*Problem to work on*. Leave out the pictures and repeat exactly the lines from the one containing "廣島縣尾道市 PEAK、向島、千光寺索道山頂站和千光寺山頂觀景台的尾道城市景觀 115098839" through the final line of the listing below.

*Data*.
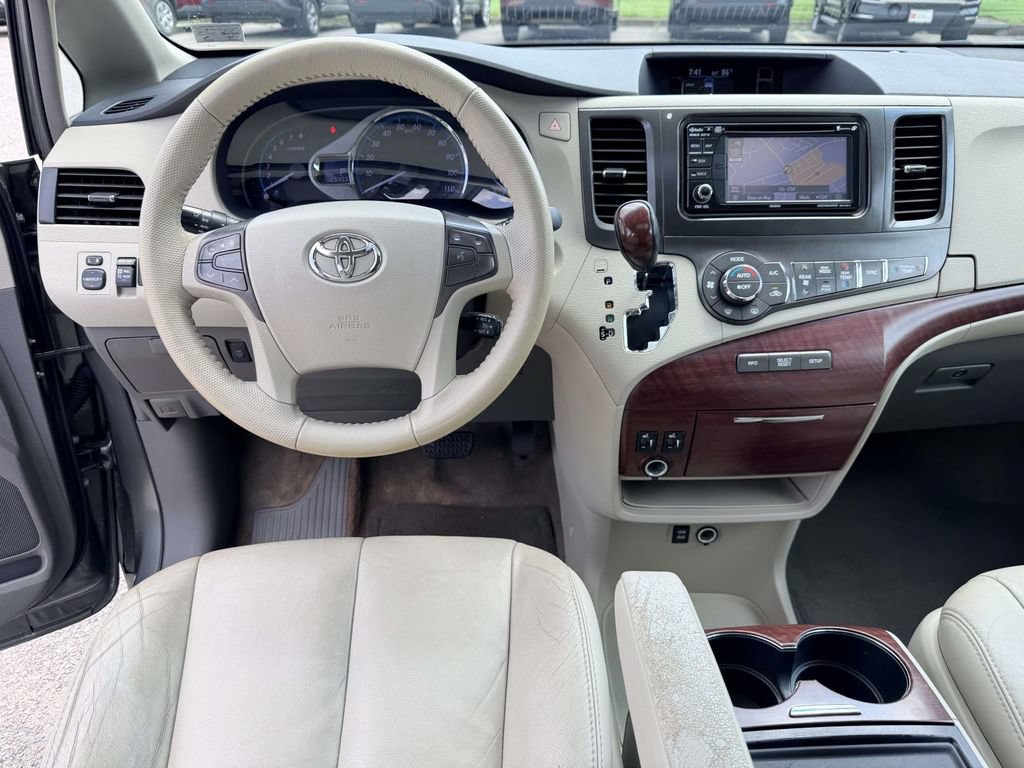 Used 2013 Toyota Sienna XLE FWD image 2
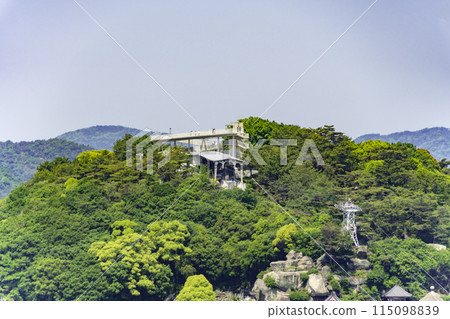 廣島縣尾道市 PEAK、向島、千光寺索道山頂站和千光寺山頂觀景台的尾道城市景觀 115098839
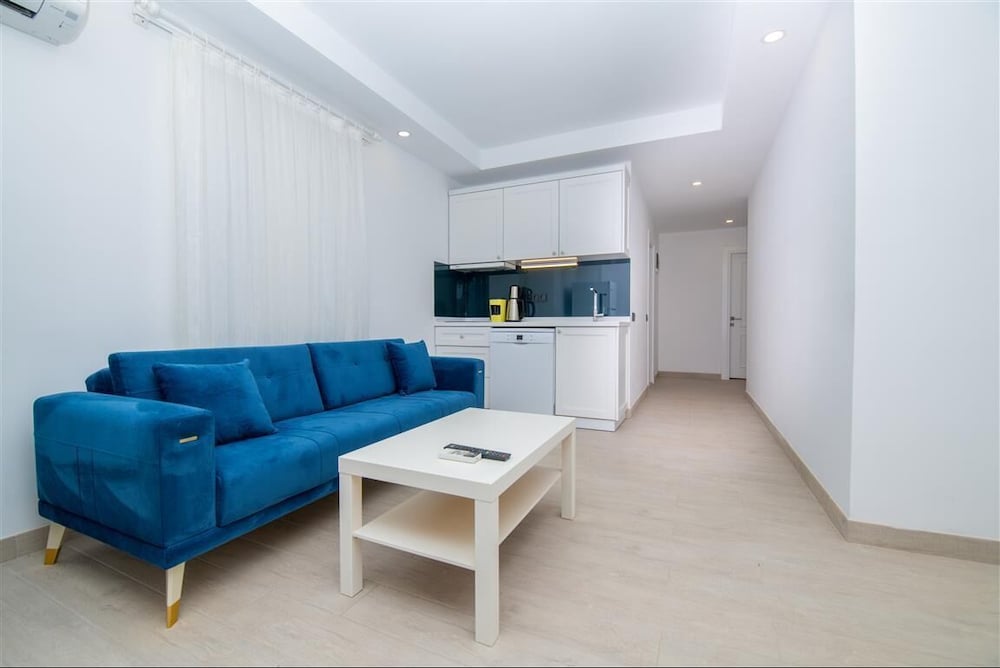 Standard Suite, 1 Double Bed with Sofa bed, Partial Sea View, Ground Floor photo 2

*Answer to this problem*.
 廣島縣尾道市 PEAK、向島、千光寺索道山頂站和千光寺山頂觀景台的尾道城市景觀 115098839
 Standard Suite, 1 Double Bed with Sofa bed, Partial Sea View, Ground Floor photo 2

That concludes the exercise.